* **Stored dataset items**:
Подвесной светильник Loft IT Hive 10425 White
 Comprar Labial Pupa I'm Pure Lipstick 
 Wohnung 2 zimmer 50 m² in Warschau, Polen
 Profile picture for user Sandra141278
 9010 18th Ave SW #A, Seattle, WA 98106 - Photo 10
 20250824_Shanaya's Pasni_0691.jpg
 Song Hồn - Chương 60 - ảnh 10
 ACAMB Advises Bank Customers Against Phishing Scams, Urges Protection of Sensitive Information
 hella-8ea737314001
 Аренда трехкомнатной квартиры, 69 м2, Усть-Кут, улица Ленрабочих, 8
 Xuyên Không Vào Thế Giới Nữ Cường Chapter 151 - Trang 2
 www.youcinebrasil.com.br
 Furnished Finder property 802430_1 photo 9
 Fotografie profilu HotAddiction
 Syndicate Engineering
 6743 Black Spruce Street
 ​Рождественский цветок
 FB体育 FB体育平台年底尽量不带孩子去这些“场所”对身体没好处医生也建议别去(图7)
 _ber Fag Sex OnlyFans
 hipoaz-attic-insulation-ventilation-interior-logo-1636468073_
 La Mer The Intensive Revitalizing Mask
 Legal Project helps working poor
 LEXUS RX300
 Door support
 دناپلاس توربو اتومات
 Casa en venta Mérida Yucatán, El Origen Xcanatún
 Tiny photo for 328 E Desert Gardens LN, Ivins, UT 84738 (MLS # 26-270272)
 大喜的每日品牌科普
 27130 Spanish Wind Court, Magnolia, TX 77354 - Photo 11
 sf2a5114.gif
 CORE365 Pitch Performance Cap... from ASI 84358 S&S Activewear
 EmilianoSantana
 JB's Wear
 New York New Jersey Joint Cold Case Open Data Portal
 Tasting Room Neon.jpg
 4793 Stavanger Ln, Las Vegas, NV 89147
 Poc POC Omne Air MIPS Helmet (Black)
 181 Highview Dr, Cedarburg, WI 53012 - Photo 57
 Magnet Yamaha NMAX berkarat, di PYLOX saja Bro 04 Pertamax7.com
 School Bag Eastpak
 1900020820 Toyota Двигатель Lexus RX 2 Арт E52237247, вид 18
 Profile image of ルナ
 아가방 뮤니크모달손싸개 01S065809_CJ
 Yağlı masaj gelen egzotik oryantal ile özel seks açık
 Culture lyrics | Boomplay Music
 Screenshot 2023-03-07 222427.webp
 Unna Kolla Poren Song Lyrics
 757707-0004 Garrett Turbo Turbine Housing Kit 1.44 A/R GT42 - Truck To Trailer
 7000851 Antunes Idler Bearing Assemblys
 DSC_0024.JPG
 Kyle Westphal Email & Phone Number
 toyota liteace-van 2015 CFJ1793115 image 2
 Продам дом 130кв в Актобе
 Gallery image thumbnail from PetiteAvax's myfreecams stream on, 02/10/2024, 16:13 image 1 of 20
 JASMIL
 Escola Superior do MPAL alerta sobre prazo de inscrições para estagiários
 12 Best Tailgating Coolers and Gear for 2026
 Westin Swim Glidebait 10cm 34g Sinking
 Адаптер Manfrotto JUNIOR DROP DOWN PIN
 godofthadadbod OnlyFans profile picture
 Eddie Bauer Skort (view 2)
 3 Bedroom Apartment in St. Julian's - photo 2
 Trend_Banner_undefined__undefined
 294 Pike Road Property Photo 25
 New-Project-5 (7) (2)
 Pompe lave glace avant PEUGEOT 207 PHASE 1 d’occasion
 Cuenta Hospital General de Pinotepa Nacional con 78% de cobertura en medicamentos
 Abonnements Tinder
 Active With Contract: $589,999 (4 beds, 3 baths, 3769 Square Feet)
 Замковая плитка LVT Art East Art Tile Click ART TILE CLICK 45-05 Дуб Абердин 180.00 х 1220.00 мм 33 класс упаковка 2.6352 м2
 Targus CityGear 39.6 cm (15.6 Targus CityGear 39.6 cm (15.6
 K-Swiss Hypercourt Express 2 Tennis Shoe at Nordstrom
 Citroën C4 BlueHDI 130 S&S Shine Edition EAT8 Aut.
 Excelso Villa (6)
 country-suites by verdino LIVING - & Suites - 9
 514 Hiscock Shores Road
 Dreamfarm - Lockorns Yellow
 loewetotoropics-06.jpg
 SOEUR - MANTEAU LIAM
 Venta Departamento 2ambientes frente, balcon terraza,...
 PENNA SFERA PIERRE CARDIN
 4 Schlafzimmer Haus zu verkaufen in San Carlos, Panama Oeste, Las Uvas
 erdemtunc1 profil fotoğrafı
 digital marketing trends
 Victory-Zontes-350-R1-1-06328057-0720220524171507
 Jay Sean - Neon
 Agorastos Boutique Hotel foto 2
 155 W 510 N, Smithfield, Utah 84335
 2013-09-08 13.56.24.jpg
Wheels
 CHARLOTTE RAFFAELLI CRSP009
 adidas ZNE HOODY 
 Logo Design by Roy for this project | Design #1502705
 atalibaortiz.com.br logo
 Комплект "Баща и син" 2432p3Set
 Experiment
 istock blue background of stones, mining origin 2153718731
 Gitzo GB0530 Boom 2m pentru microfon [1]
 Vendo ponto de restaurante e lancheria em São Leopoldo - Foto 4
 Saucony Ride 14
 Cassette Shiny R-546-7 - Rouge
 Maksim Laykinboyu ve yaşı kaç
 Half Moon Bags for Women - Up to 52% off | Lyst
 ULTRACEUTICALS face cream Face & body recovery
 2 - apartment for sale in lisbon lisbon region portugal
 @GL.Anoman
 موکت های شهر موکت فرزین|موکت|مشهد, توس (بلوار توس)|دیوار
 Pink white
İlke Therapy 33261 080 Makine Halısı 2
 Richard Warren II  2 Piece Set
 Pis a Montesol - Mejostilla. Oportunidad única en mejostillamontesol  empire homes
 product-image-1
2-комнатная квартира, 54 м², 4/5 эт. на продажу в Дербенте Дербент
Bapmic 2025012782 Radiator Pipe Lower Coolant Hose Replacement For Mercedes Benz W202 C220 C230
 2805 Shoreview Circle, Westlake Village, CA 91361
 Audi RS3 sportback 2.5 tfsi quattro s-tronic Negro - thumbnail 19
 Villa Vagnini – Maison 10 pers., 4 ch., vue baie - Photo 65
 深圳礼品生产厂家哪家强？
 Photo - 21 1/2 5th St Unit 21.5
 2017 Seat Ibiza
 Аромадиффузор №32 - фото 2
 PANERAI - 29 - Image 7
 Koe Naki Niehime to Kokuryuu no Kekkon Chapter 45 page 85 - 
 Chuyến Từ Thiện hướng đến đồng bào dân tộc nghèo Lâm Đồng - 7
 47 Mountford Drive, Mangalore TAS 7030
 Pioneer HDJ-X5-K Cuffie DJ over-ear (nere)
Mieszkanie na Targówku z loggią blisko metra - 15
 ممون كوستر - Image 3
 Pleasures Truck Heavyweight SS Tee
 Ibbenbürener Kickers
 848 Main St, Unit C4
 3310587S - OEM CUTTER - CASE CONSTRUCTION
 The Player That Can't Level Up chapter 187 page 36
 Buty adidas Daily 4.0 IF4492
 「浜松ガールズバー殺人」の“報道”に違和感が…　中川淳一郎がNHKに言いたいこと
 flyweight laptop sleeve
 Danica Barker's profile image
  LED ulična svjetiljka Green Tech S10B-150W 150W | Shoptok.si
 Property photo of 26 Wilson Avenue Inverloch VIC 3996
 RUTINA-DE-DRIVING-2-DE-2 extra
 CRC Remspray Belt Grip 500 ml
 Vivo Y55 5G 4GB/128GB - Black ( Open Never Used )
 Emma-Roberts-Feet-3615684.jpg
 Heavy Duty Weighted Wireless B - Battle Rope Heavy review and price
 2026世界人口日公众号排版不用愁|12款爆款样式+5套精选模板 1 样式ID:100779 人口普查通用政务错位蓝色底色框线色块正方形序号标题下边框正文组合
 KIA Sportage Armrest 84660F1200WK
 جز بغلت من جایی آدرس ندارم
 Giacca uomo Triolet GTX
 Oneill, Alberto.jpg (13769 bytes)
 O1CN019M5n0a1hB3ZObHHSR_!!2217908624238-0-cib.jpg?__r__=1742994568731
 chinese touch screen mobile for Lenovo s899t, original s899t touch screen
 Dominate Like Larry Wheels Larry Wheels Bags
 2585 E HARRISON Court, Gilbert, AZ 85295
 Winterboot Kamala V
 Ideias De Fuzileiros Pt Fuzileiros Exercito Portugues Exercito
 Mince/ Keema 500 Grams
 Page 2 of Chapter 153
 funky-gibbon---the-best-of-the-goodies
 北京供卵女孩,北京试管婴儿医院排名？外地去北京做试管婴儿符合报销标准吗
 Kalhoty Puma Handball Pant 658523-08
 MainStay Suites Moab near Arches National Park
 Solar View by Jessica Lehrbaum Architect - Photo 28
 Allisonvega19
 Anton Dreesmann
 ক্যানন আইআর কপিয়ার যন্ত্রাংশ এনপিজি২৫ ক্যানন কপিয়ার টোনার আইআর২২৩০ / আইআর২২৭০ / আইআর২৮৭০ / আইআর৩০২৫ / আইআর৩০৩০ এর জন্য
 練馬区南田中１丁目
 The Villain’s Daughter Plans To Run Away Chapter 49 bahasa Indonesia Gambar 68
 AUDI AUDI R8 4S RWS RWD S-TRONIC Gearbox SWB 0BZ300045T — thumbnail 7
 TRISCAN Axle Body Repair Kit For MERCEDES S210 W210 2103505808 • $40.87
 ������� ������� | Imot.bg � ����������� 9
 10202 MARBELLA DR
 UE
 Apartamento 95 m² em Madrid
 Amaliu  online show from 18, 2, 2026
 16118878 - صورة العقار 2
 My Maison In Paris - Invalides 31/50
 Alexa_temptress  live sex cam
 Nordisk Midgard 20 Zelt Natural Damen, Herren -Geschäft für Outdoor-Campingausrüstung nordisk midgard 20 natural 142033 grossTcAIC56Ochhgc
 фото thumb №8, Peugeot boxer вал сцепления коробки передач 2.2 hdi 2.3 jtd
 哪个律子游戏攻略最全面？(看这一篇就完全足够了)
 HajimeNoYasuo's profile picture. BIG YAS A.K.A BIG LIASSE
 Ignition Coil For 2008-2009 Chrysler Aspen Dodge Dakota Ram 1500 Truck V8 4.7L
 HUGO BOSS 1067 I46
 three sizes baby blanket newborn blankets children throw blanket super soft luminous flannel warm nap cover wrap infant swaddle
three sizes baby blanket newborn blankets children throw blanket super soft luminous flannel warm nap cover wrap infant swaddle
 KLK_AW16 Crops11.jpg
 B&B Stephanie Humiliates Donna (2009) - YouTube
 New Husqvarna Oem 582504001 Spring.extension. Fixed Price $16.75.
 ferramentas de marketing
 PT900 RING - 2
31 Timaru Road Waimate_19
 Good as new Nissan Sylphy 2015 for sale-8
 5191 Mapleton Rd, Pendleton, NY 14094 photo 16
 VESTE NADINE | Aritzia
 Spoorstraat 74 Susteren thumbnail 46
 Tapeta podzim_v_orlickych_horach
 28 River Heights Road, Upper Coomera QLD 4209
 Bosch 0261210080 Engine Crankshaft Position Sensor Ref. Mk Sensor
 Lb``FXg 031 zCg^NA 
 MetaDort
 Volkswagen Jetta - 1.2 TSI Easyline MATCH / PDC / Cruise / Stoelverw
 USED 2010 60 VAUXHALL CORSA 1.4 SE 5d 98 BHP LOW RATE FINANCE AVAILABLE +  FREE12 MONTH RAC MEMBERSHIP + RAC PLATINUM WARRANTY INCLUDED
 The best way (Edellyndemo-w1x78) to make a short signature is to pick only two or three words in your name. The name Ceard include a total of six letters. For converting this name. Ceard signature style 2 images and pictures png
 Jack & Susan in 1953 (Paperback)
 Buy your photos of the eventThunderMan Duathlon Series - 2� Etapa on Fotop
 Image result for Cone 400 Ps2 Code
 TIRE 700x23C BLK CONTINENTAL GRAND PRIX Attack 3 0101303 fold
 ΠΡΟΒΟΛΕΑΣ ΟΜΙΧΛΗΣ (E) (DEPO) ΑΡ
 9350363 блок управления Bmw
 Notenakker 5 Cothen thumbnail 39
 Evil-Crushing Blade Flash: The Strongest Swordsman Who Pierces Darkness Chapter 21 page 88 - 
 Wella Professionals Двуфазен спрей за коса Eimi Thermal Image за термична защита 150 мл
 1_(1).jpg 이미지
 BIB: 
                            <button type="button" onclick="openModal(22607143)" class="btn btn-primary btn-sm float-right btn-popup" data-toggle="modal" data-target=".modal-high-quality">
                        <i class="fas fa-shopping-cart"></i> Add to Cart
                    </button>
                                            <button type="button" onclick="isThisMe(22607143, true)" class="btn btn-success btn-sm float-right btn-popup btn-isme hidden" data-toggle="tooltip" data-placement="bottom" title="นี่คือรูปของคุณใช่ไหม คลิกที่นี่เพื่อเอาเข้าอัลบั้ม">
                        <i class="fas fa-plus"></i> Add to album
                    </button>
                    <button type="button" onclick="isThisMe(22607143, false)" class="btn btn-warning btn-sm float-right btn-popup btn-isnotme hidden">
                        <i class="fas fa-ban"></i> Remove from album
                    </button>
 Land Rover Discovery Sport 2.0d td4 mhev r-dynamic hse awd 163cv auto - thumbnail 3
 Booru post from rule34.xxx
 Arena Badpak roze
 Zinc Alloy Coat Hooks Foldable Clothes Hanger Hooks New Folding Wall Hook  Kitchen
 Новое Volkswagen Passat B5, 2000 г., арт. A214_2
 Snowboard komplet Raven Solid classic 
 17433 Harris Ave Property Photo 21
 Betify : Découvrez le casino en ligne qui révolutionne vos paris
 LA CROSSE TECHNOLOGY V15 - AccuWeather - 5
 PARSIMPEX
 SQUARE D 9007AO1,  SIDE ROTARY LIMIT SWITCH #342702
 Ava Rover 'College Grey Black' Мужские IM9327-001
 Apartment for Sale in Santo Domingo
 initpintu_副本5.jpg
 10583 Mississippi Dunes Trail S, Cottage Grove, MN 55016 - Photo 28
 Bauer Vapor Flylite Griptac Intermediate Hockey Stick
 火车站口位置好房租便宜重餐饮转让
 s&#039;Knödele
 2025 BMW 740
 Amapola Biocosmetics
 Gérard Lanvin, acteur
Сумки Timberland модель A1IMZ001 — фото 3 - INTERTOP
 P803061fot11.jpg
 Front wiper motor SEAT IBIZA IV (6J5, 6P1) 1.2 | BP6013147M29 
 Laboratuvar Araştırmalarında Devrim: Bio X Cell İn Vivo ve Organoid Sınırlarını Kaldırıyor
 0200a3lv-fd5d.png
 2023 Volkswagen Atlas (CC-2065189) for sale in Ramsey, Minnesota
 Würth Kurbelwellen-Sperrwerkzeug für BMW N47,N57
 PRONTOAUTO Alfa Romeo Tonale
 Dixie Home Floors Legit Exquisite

* **Task item**: Write the lines out again exactly, from the one containing "0200a3lv-fd5d.png" through the last line of the records, and include no other lines.

* **Response**:
 0200a3lv-fd5d.png
 2023 Volkswagen Atlas (CC-2065189) for sale in Ramsey, Minnesota
 Würth Kurbelwellen-Sperrwerkzeug für BMW N47,N57
 PRONTOAUTO Alfa Romeo Tonale
 Dixie Home Floors Legit Exquisite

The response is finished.